WILLIAMS: I’ve been starting my classes by screening Dial M and Cave of Forgotten Dreams (both in "Stereo Visions"!), because they both address, in their own ways, a number of important points about the history of 3D and the way the format is used. My students are always surprised to learn that 3D films were possible before the 90s, so we burst that bubble right from the get-go with the Hitchcock. These films also allow me to address the institutionally-imposed conventions that we regularly see in cinema—its ties to theatre, to narrative, to representation—so we can then think about how the 3D format has been utilized in mainstream cinema and sold to audiences, and why it so frequently comes in and out of fashion. This is all a way of setting the table for our eventual break from these expectations, when we start looking at films that are more interested in tactility, embodiment, and abstraction. Once you understand that narrative and character psychology and even spatial integrity aren’t ontologically linked to what cinema as a medium is, it’s much easier to warm up to the nuances of 3D’s unique aesthetic vocabulary.

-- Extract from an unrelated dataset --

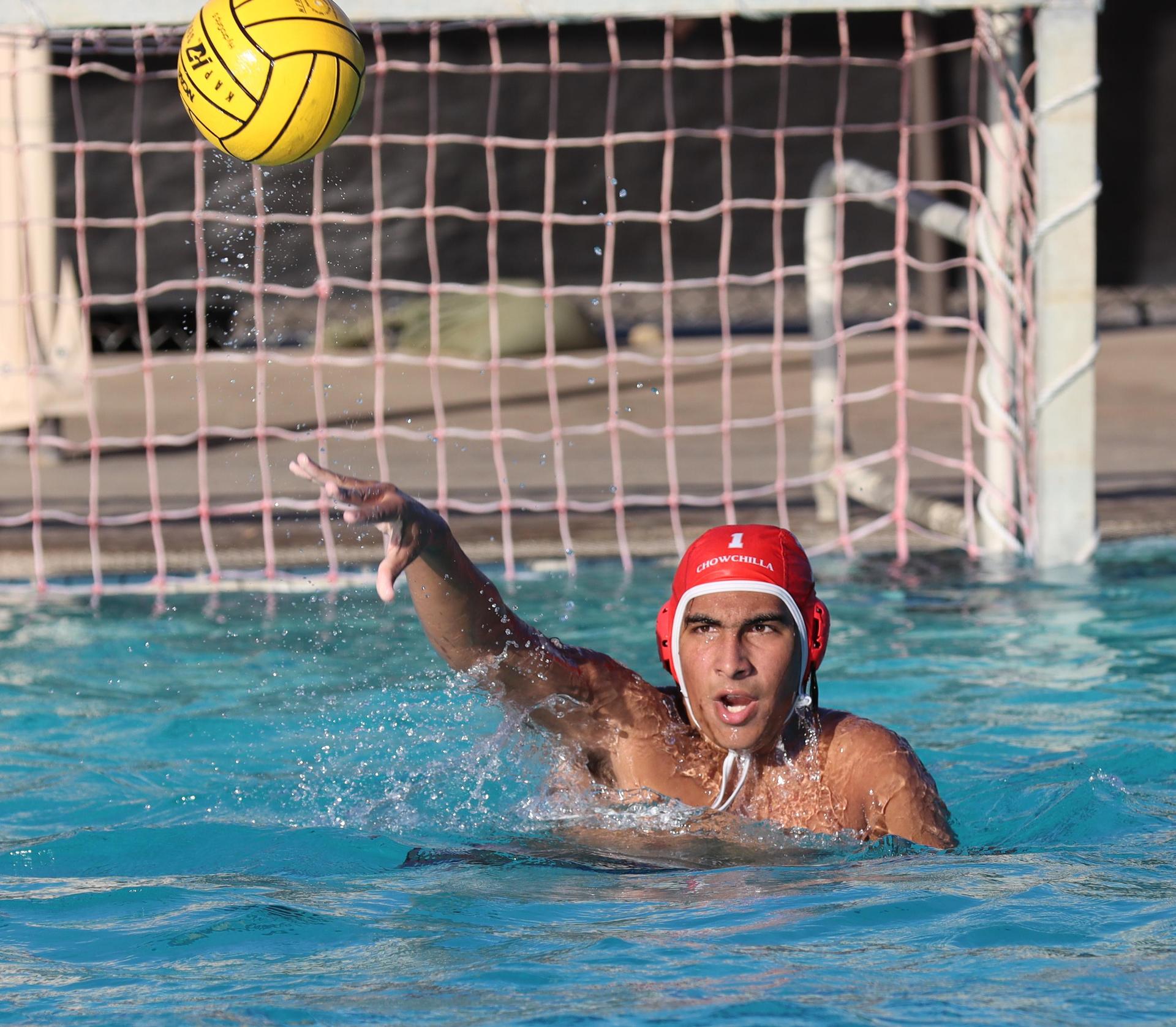 boys water polo players in action against hoover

With "Stereo Visions," I can't rely as much on this development; most people won’t see the entire program, they’ll just come to some of it—maybe even only one or two of the shows—so I’ll give a bit of context before each screening, just so everyone knows what I was I thinking. But I have complete trust in Big Ears audiences. Their taste in music is as adventurous and accommodating to abstraction as any I know, so I think they’ll be game for most of the challenges this program has to offer. 

NOTEBOOK: In that context, what are some of the wilder films in the program you are excited to be showing? Some of the pieces are very rare, and all the more so because they need to be projected in technical circumstances many cinemas or festivals cannot provide.

WILLIAMS: So many! Well, I have to start with the four Ken Jacobs films we’re showing, which are among the most beautiful and the most rigorous in the program, and make a strong case for why he’s still considered such a major and influential figure after so many decades of 3D experimentation. Takashi Makino’s 2012 is the only film we’re showing that uses the Pulfrich method; it’s 30 minutes long, and one of the most hypnotic films I’ve ever seen. The 3D effects it generates are also highly unusual, almost spectral, and it reveals something fundamental about vision that I’d never encountered or considered before. Rainer Kohlberger's more than everything—which actually just had its world premiere in Rotterdam this January—is also something quite special. I’ve been a fan of his digital work—he calls it “noise” art—for a few years now; he’s really a master of the pixel, of algorithmic manipulation. more than everything is his first stereoscopic piece, and it creates an extremely unstable sensory experience by delivering unique visuals to each eye. 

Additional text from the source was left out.